It’s time for one of the Senate’s dizzying spectacles: the vote-a-rama, a series of rapid-fire votes on dozens of amendments to the budget resolution.
The sponsor of each amendment and one opponent are each permitted just one minute to argue for and against it. Senators can offer new amendments even as the helter-skelter process is underway.
Some, perhaps many, of these amendments will have nothing to do with the budget or fiscal policy. And the budget resolution itself won’t be adopted by the House, so these amendments aren’t going to determine policy, at least not in the near term.
But party operatives on each side are keeping score – these votes are fodder for the campaign ads you’ll see in 2014.
Senators who are up for re-election next year whose votes the operatives will be watching closely during the vote-a-rama include:
Sen. Susan Collins, R- Maine, the only Republican senator up for re-election next year who is from a state President Obama carried in the 2012 election.
Sen. John Cornyn, R –Texas, who might face a conservative primary challenger.
And five Democrats from states where Obama under-performed or did poorly in 2012 elections:
- Sen. Mark Begich, D- Alaska
- Sen. Mark Pryor, D- Ark.
- Sen. Kay Hagan, D- N.C.
- Sen. Mary Landrieu, D- La.
- Sen. Max Baucus, D- Montana
Among the votes that had been taken by early Friday evening two environmental issues stood out.
By a vote of 58 to 41, the Senate rejected an amendment by Sen. Sheldon Whitehouse, D- R.I., to allow enactment of a fee on carbon pollution.
Among senators up for re-election in 2014, Begich voted for the Whitehouse carbon fee, but Baucus, Collins, Cornyn, Hagan, Johnson, Landrieu, and Pryor voted against it.
The Senate voted, 62 to 37 to approve an amendment offered by Sen. John Hoeven, R- N.D., to support construction of the Keystone XL Pipeline to carry crude oil from Alberta to U.S. refineries and terminals. Begich, Baucus, Collins, Cornyn, Hagan, Johnson, Landrieu, and Pryor all voted for it.
An unintended consequence of the wording of the 1974 Budget Act, the vote-a-rama allows senators to offer a number of amendments limited only by their imagination and their stamina.

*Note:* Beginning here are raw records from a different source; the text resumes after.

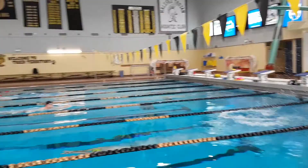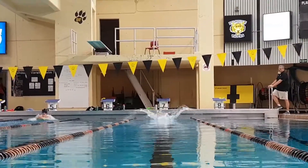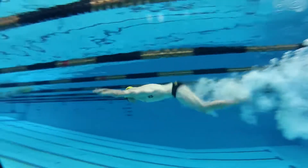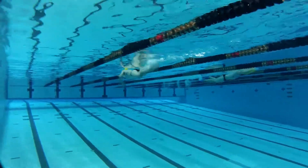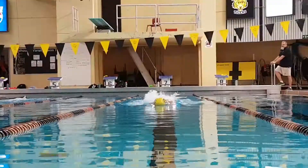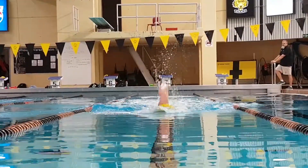Then they go on the start — the beep, the go, the gun, whatever it is. When they go, they're trying to transition all their power to move forward. They're going to come off the blocks at about a zero to ten degree angle above parallel with the water, get out as fast as they can, go in with their hands together and head tucked. They're going to dolphin kick, because that's the fastest way to get out about 12 to 13 meters. Then they break the surface and swim as fast as they can.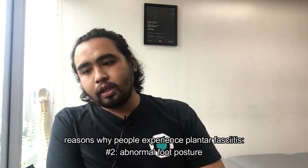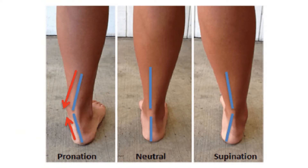Another risk factor for heel pain is an abnormality in the posture of the feet. There are three types of foot posture: overpronation, neutral, and overly supinated. For those who experience heel pain, it's either their foot is overly pronated — overly flat — or their foot is overly supinated, meaning they have a really high arch with increased space on the inner side of the foot. If the arch is too high, it can also cause plantar fascia pain, or what is commonly called plantar fasciitis.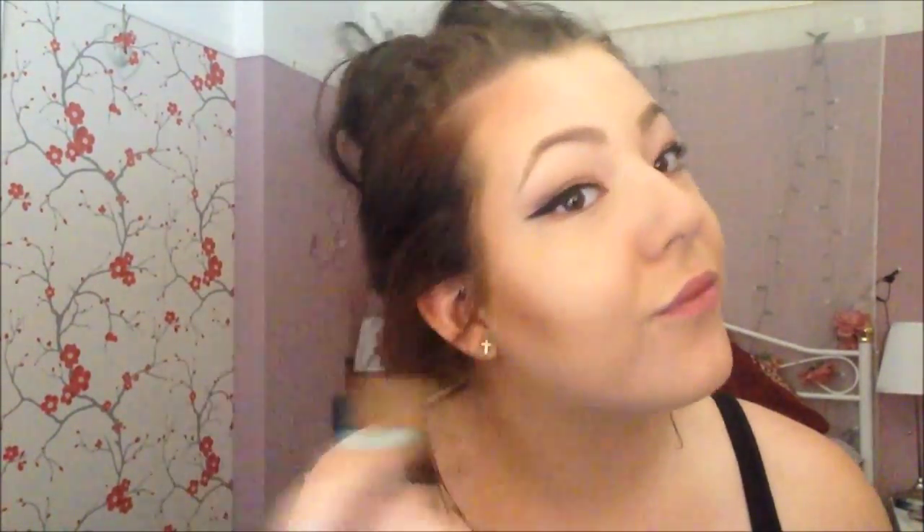Now I'm taking this Max Factor Pastel Compact in Pastel 4 and using a Real Techniques powder brush to powder this all over my face to set the foundation I put on at the beginning. I'm not pulling it under my eyes because I had a lighter colour there to highlight the area, and I also already put powder under there.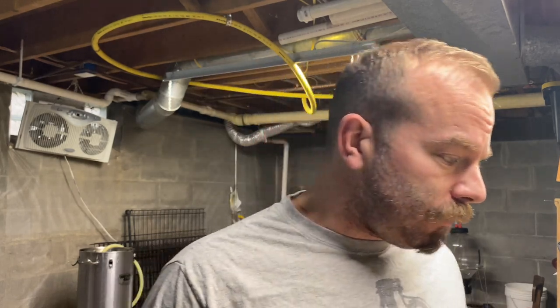Today we're going to do an American pale ale using Nelson Sauvin and Cashmere hops. When I initially concocted this recipe, I wanted to use Nelson and Mosaic.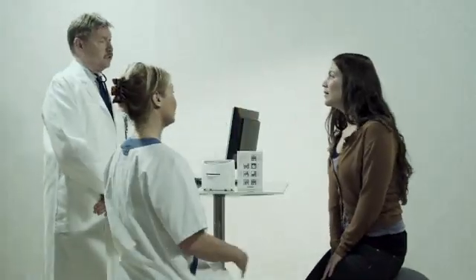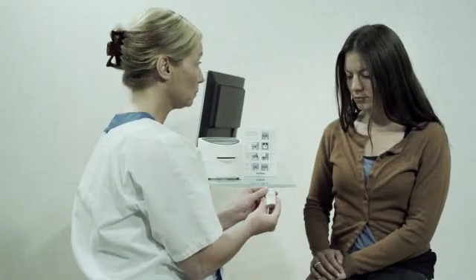Before testing, go through the test procedure with your patient. Make sure he or she has fasted for at least 4 to 6 hours and is not on antibiotics or acid-suppressant therapy.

“Back to back votes, limited time to review and debate, and uncertainty on what senators are voting on are the hallmark of vote-a-ramas,” said former Senate Republican aide Bill Hoagland in 2011 testimony to the Senate budget Committee.
Usually the Senate majority leader can use his powers to limit the number of amendments to a bill and can ensure that a member of his party up for re-election next year won’t need to cast a politically risky vote.
But the budget resolution is a different animal.
“The budget resolution and reconciliation bill are the only Senate vehicles with a guaranteed right for any Senator to offer an amendment and receive a vote,” Hoagland said. “Rightly or wrongly, vote-a-rama does ensure that not only the minority but any senator can offer amendments.”